Please refer to my May 12, 2020 post about Pluto for more background.

It was suggested to me by an astrological colleague that I might want to publish more about the generational planets once I shared my insight with him, particularly about Neptune and Pluto.

As I noted back in May, demographers in the U.S. have defined the generations in a certain way. Usually when I think of Generation X, I push things back a bit, and cover the Pluto in Virgo generation. That’s 1956-1972, for the most part. But that can also cover the Neptune in Scorpio generation, overlapping quite well with the Pluto in Virgo generation, as it covers 1956-1970.

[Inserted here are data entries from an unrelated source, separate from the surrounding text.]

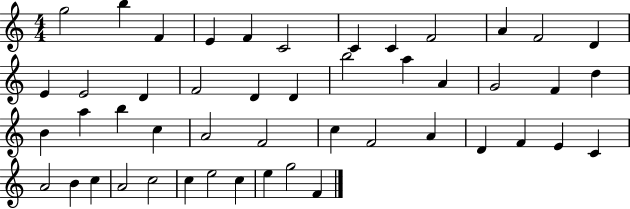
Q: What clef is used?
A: treble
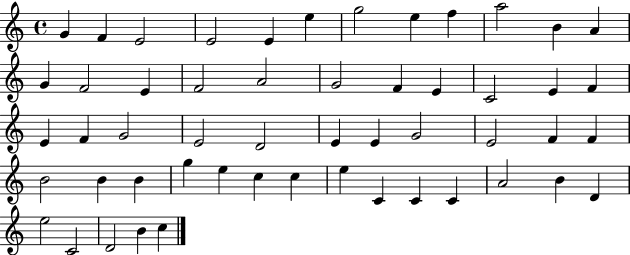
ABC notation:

X:1
T:Untitled
M:4/4
L:1/4
K:C
G F E2 E2 E e g2 e f a2 B A G F2 E F2 A2 G2 F E C2 E F E F G2 E2 D2 E E G2 E2 F F B2 B B g e c c e C C C A2 B D e2 C2 D2 B c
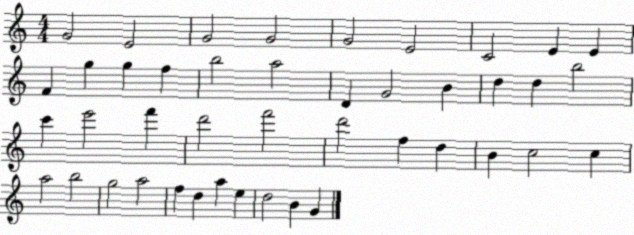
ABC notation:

The major difference between Neptune and Pluto in terms of timing is that Neptune uniformly covers about 14 years per sign. Whereas, Pluto covers anywhere from 11 to 31 years with its highly elliptical orbit. Most of the Pluto ‘generations’ in the 19th century lasted very close to those full 31 years. Pluto was closest to the Sun when it was in Scorpio, and spent the least amount of time there.

Neptune is uniformly 14 years, generally. In most cases, Neptune, when it enters a new sign, will regress back into the old sign, for as many as three consecutive years, before landing in the new sign for good. With that in mind, here are the most recent planets and what I would describe them as:

  • Neptune in Leo (1914/1916 to 1928/1929) — the Silent Generation
  • Neptune in Virgo (1928/1929 to 1942/1943) — ?
  • Neptune in Libra (1942/1943 to 1955/1957) — the Boomers
  • Neptune in Scorpio (1955/1957 to 1970) — Generation X
  • Neptune in Sagittarius (1970 to 1984) — Gen X/Millenials
  • Neptune in Capricorn (1984 to 1998) — Millenials
  • Neptune in Aquarius (1998 to 2011/2012) — Generation Z
  • Neptune in Pisces (2011/2012 to 2025/2026) — ?

My late parents were in the Neptune in Leo (dad) and the Neptune in Virgo (mother) generations. And I’m Neptune in Scorpio (but barely — my Neptune actually progressed into Sagittarius when I was about 25). I would say that the generations I know the most are Libra, Scorpio, and Sagittarius. I’ll focus more on those.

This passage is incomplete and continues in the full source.